- **Exercise requirements**
From the line holding "Toyota Verso 1.6 Sol EU5 7os - 16" through the line holding "Almagro, junto a" below, write out every line exactly; include both of those lines and drop the pictures.

- **The data**
⁂
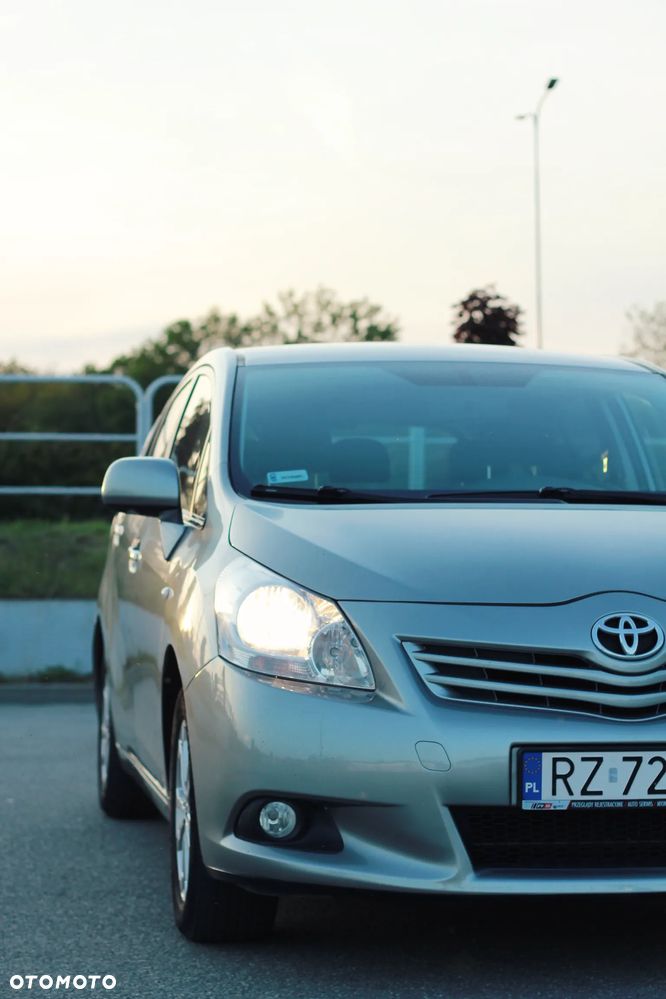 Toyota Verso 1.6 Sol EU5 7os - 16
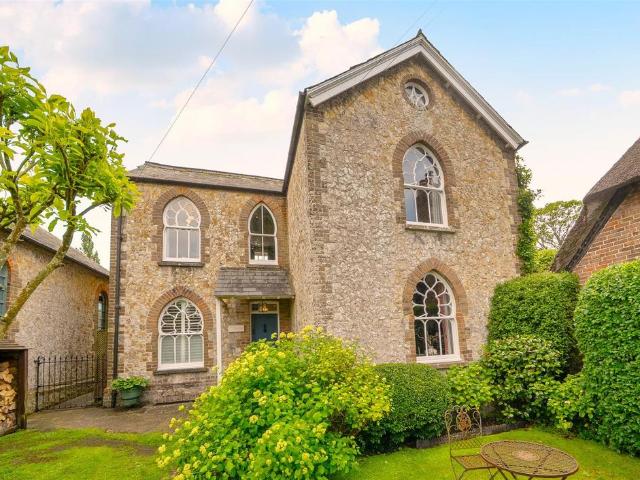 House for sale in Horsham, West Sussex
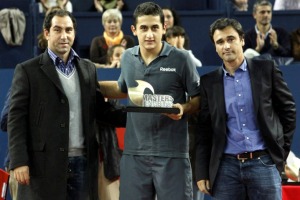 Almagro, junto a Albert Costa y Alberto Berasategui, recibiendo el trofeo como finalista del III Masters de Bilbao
⁂
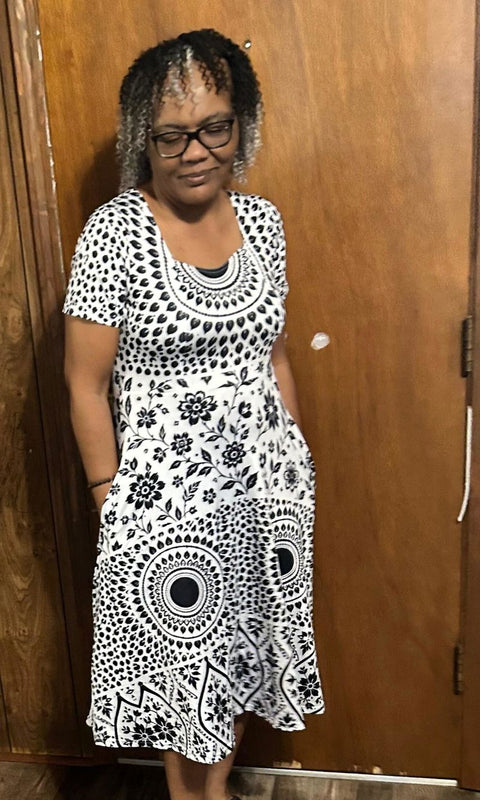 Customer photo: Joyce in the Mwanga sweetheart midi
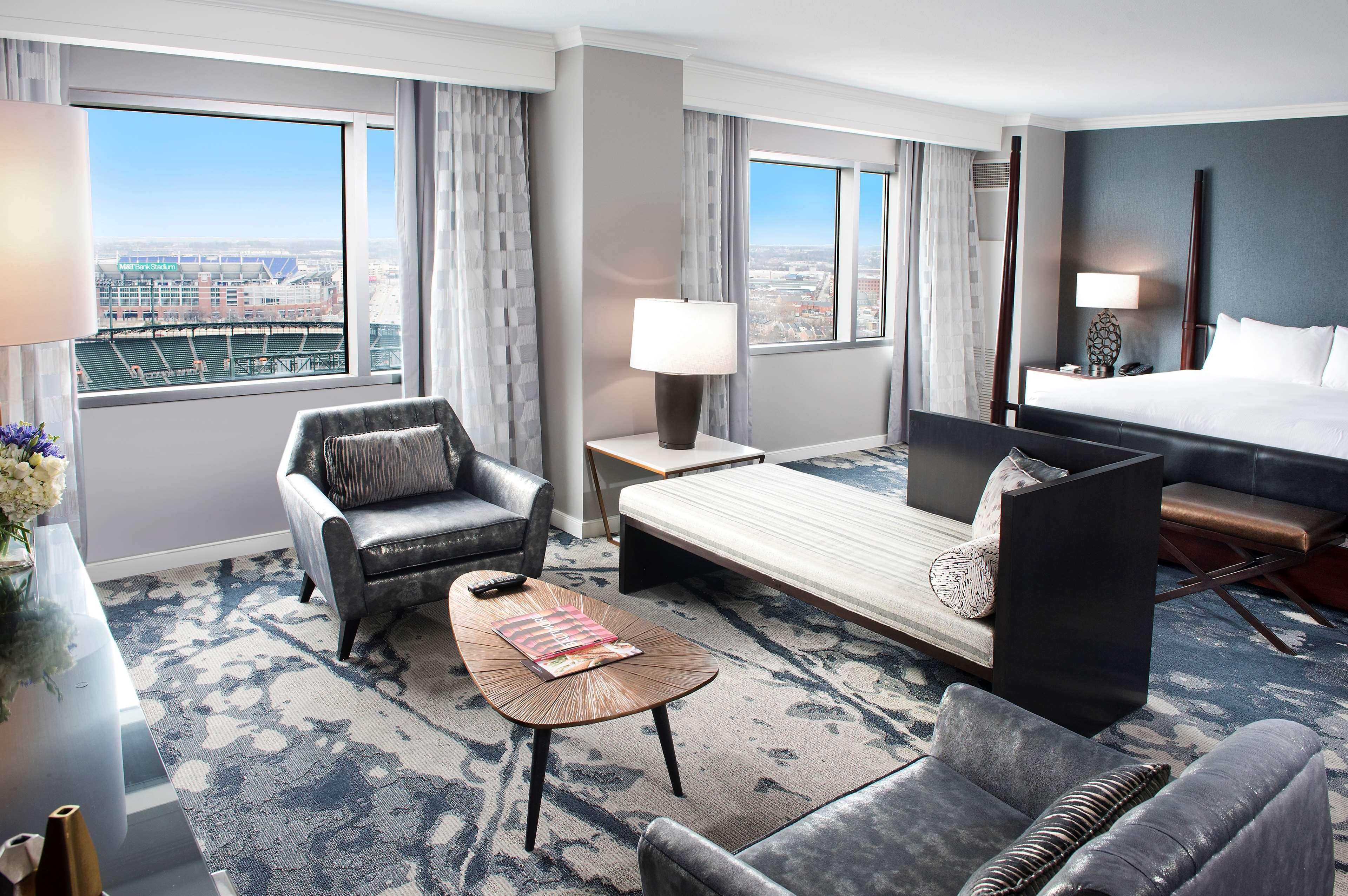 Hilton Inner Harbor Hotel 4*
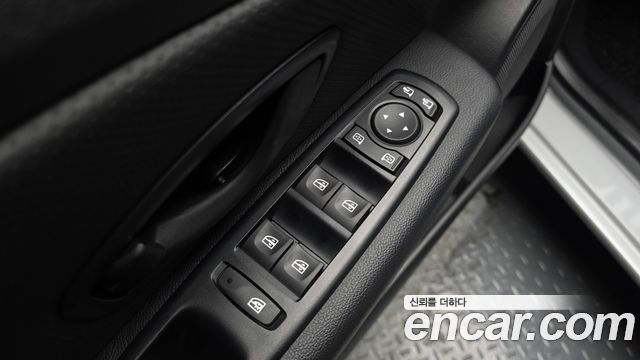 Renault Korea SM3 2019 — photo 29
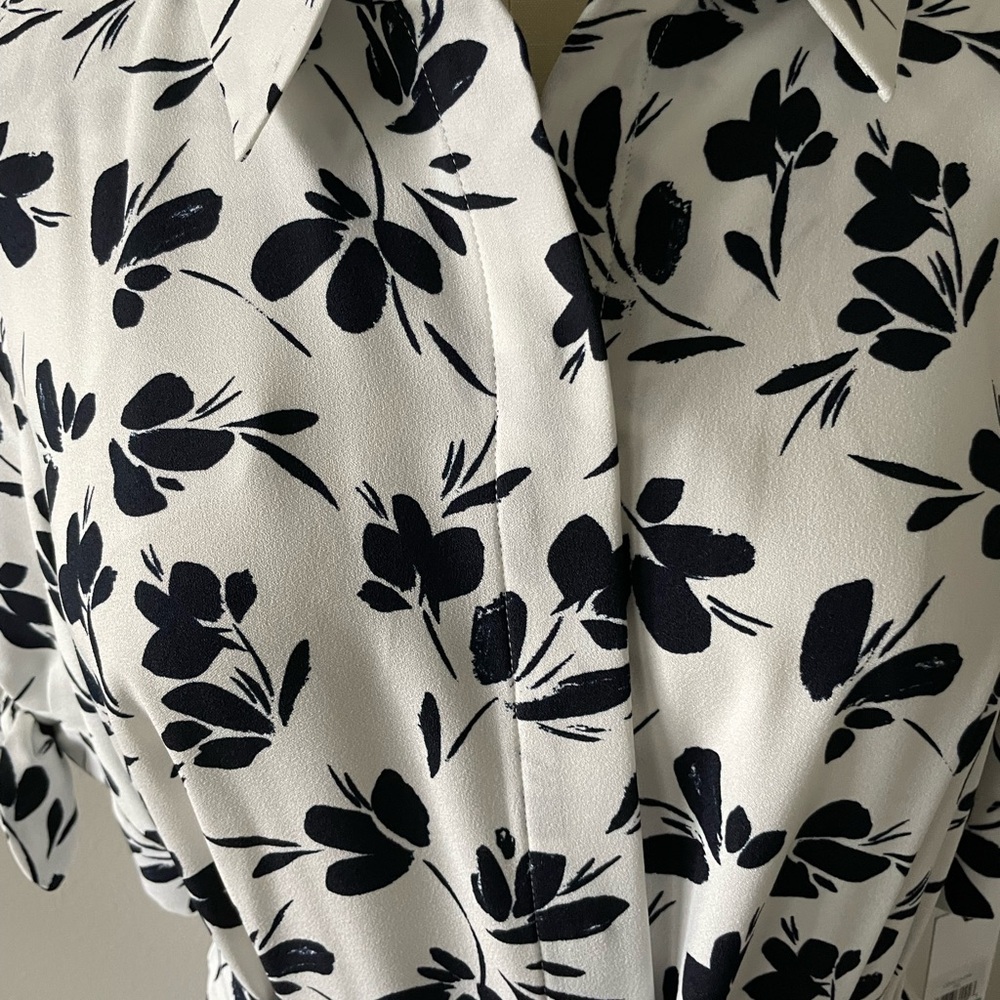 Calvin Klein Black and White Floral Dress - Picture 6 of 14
⁂
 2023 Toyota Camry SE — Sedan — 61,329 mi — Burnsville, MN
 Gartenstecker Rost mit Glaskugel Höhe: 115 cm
⁂
- **Response below**
 Toyota Verso 1.6 Sol EU5 7os - 16
 House for sale in Horsham, West Sussex
 Almagro, junto a Albert Costa y Alberto Berasategui, recibiendo el trofeo como finalista del III Masters de Bilbao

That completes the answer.